Detective chief inspector Tom Hill, head of the City of London Police’s Insurance Fraud Enforcement Department, discusses the clampdown on criminals networks continuing to use cash to cover their tracks
As the UK appears to head towards a cashless society, can the same be said for the criminal networks operating within it?
Despite the advances in blockchain technology and the apparent reliance on digital transfers, criminals continue to use cash as a means to hide or transfer their ill-gotten gains.
Why? Despite its bulk and the difficulty in moving it across international borders, cash can still be attractive to criminals given how difficult it can be for law enforcement to link it to criminal activities.
Fortunately, the cash seizure and forfeiture legislation in the UK under the Proceeds of Crime Act 2002 (PoCA) provides law enforcement with an essential tool to ensure that criminals do not benefit from their criminality, even when cash cannot be directly attributed to a specific type of crime.
Although seen by some as being draconian in its nature, the cash seizure provisions under PoCA are a vital tool for UK law enforcement in its fight against crime.
Ghost broker case
The recent forfeiture proceedings instigated by the City of London Police demonstrates the effectiveness of cash seizures.
In 2023, officers from the Insurance Fraud Enforcement Department (Ifed) executed a search warrant at the home address of a suspected ghost broker – a term commonly used for individuals who purport to be legitimate insurance brokers – who are able to sell motor insurance policies cheaply to drivers.
Typically, these policies are obtained fraudulently by the broker by using false information in the application process to reduce the premiums payable by the policyowner.
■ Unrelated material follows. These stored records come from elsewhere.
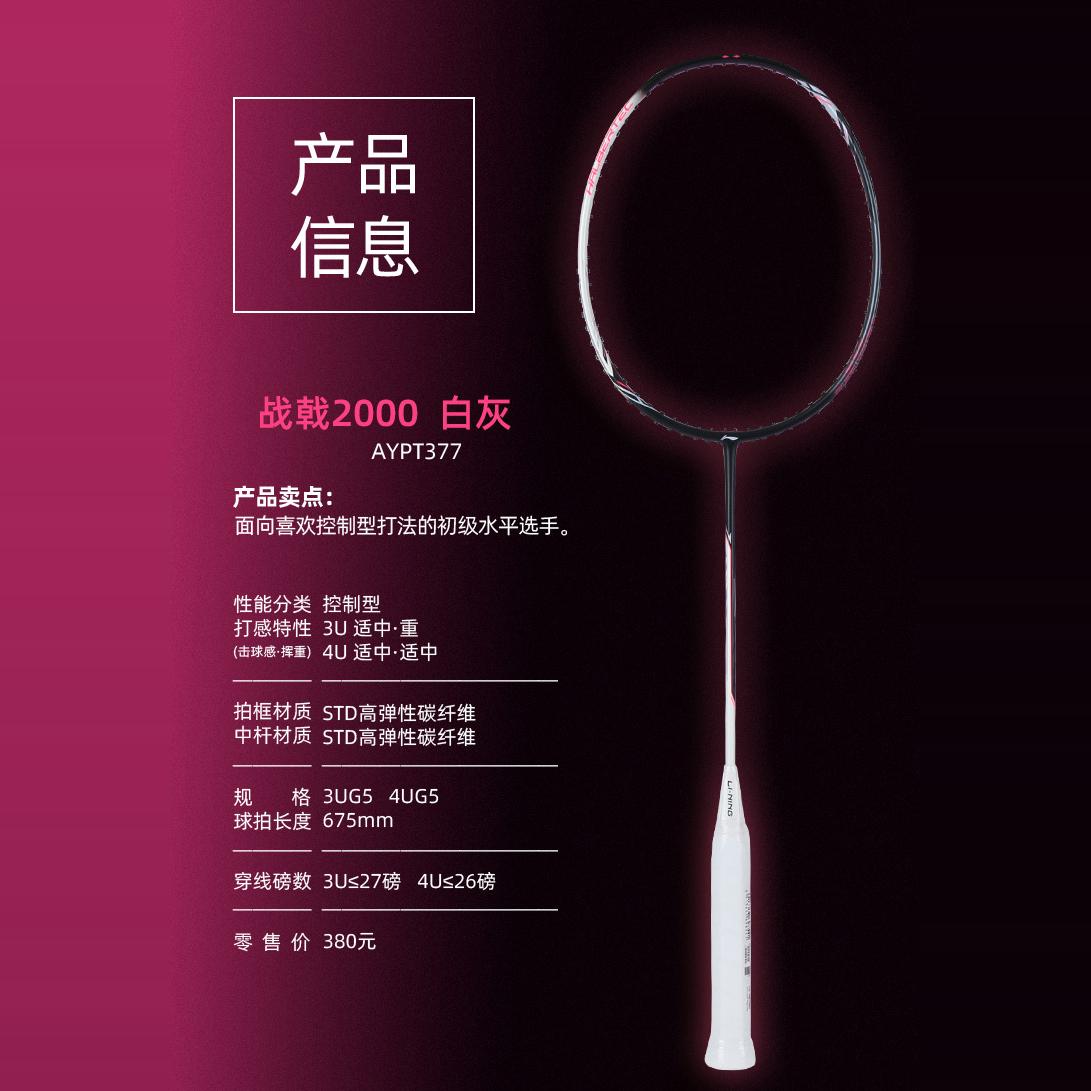 李宁战戟2000全碳素纤维羽毛球拍超轻高颜值初学进阶女生单拍正品 - 图2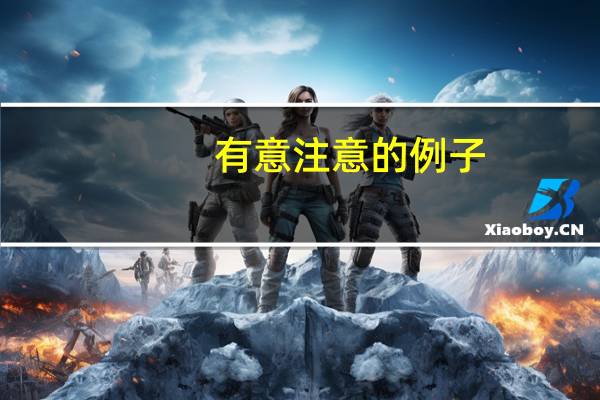 有意注意的例子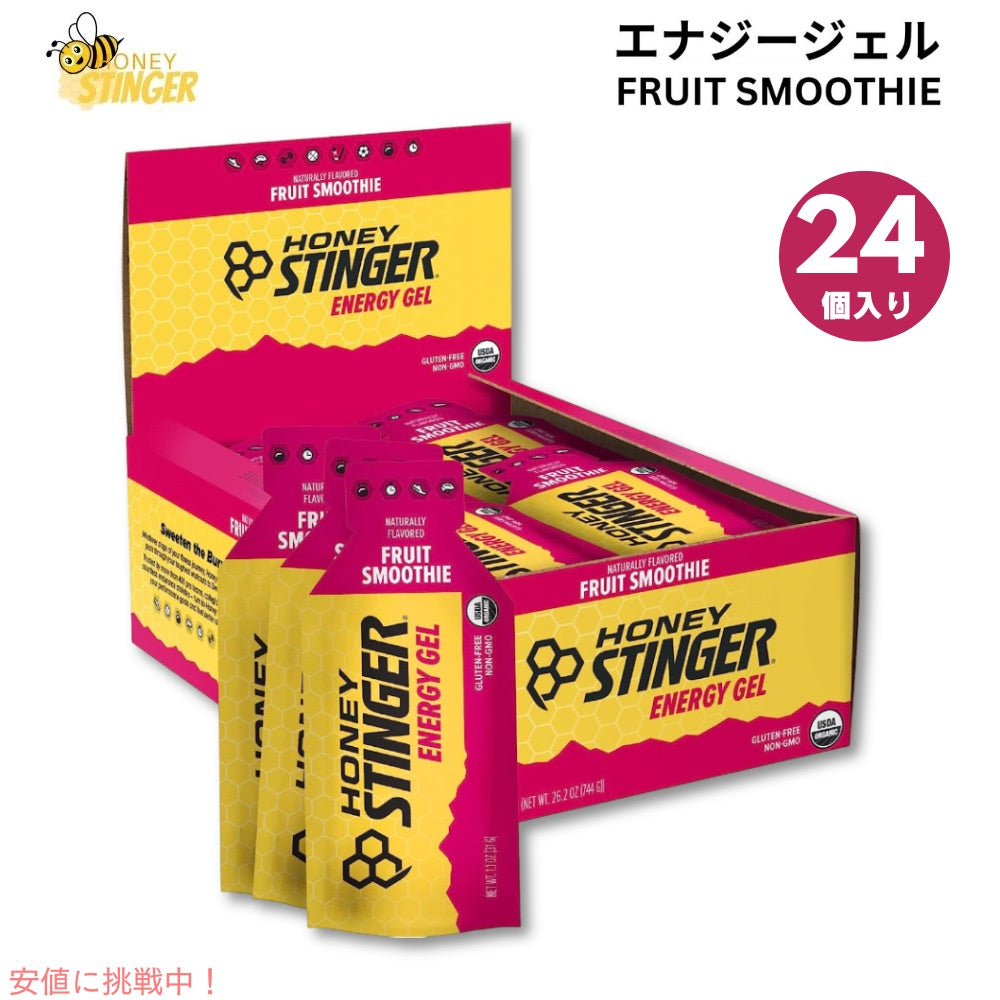ハニースティンガー オーガニックフルーツスムージーエナジージェル 24個入り Honey Stinger Organic Fruit Smoothie Energy Gel 24 Pack 1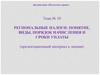 Региональные налоги: понятие, виды, порядок начисления и сроки уплаты. Тема № 10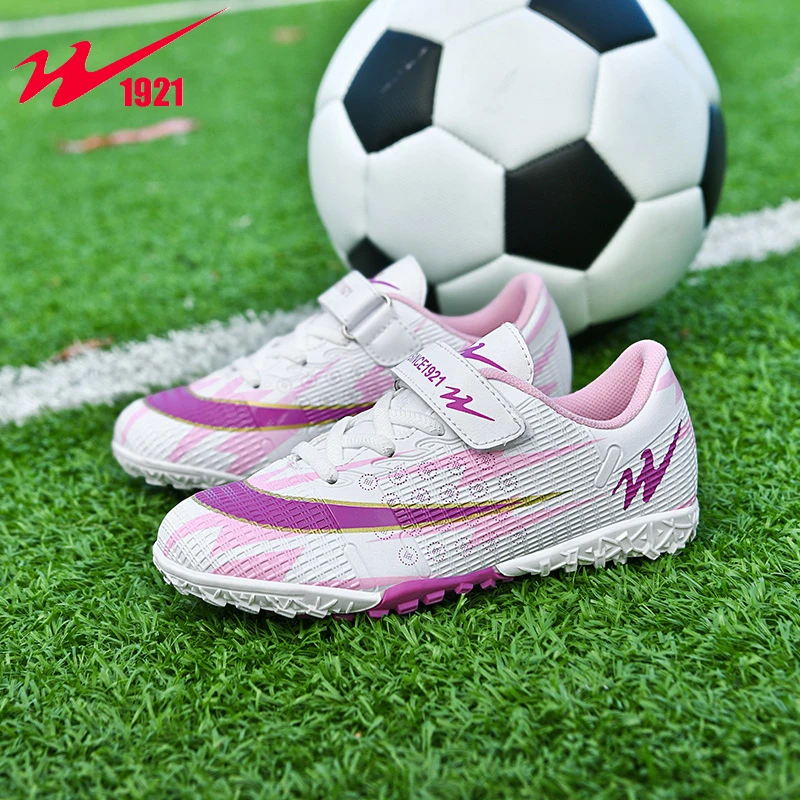 双星足球鞋6-12岁学生专用碎钉防滑青少年低帮儿童小学生男童球鞋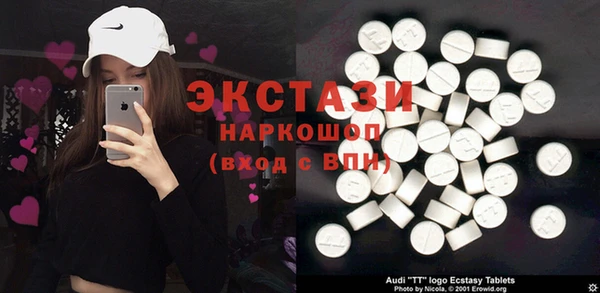 ПСИЛОЦИБИНОВЫЕ ГРИБЫ Зеленокумск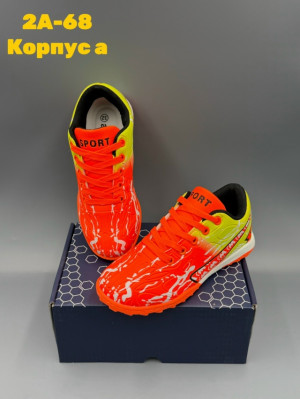 Артикул 23290585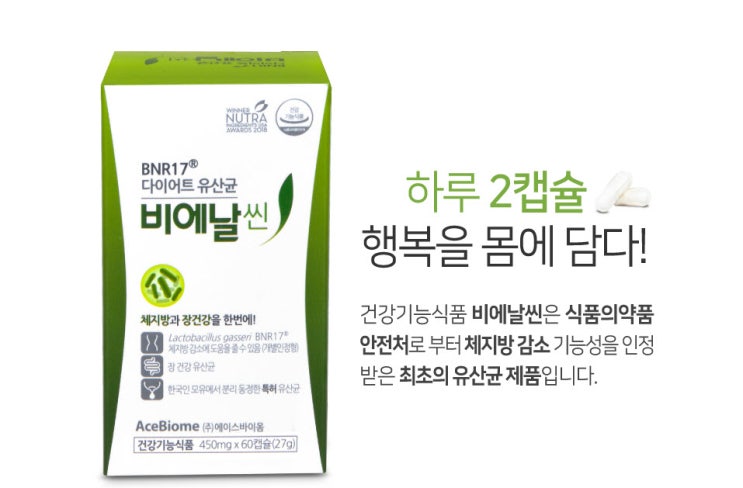  비에날씬 : BNR17  다이어트유산균 락토바실러스가세리 BNR17(체지방감소 단일유산균주 + 3종 프리바이오틱스) .. 건강기능식품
The policyholder is then charged a fee by the ghost broker for obtaining the premium at the reduced price.
It is often likely that the policyholder is completely unaware that their policy has been obtained fraudulently and is therefore invalid.
The ghost brokers are usually unregulated and promote their services under the guise of being legitimate brokers, who can obtain cheaper insurance policies for drivers.
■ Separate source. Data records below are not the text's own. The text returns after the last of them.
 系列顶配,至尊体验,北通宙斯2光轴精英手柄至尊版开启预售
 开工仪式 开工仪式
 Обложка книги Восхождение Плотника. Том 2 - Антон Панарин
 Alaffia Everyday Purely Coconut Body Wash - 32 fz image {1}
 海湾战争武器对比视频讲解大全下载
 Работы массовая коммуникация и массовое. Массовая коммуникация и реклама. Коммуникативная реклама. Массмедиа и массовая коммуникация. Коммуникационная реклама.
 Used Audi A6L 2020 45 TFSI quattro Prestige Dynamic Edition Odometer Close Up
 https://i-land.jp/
Ultimately, this fraudulent activity means that insurance companies lose money and policyholders are unwittingly using their vehicle whilst uninsured.
During the search of a subject’s home, officers recovered over £100,000 in sterling notes.
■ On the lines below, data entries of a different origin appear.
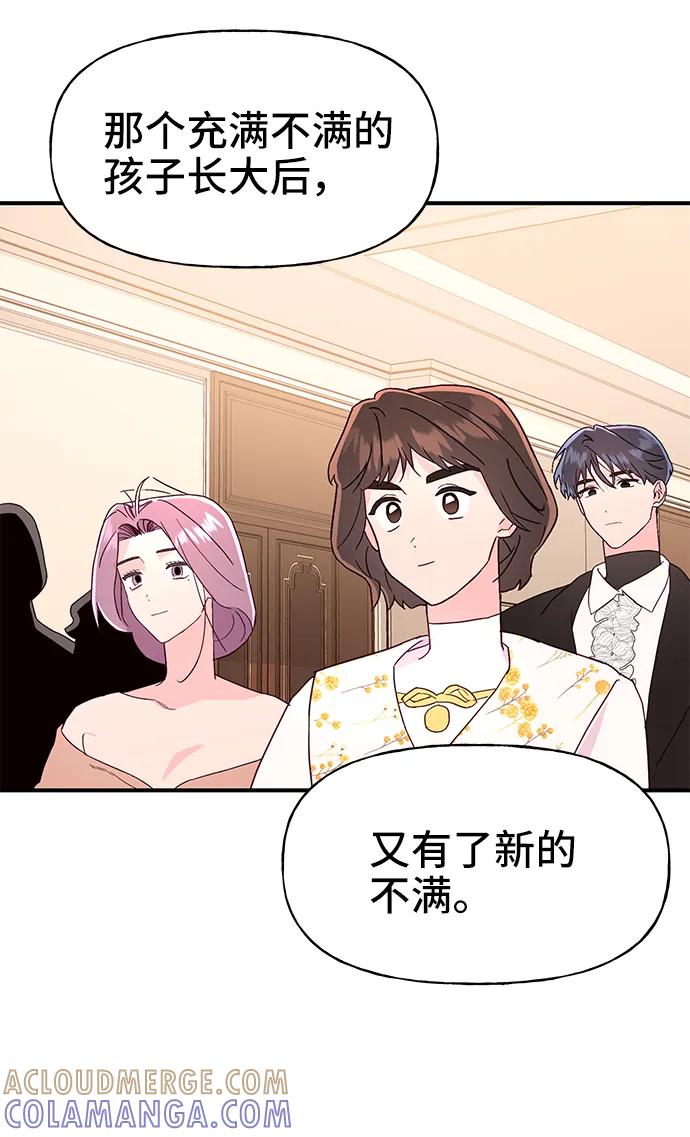 《今日的维纳斯》第66话 第37页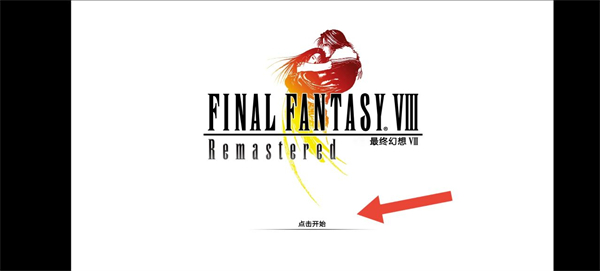 最终幻想8重制版switch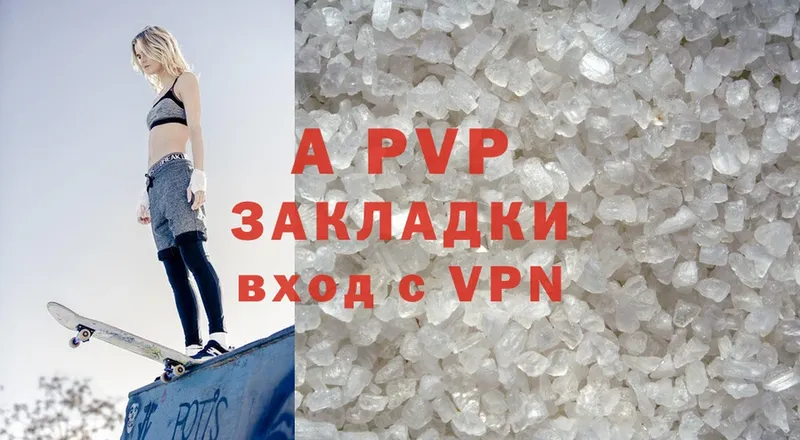 Alfa_PVP VHQ  omg ONION  Катайск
The subject – who had been previously issued a police caution in relation to ghost broking activities – was interviewed by officers and declined to provide any explanation for the cash including how it was obtained and why he possessed it.
The subject refused to provide any evidence to show that the cash had been obtained legitimately and his annual earnings indicated declared income which failed to provide any reasonable explanation for someone possessing such a quantity of cash.
Subsequently, the Magistrates at Westminster concurred with the City of London Police’s application that there were sufficient grounds to suspect that the cash had derived from crime and awarded forfeiture of £102,970.96 to the force.
This case demonstrates not only that we are still operating in a society where criminals are prepared to use cash, but also that law enforcement has the tools and the skills to combat it.
It is right that law enforcement should look to the future and tackle the growing threats posed by criminal use of cryptocurrencies and traditional banking facilities.
However, we must never lose sight of the presence of cash laundering and the associated risks.
Ifed will continue to use its finite resources to prosecute criminals, but will also remain fair but relentless in its use of PoCA powers to disrupt organised networks by removing the cash and paying it back to continue the fight against crime.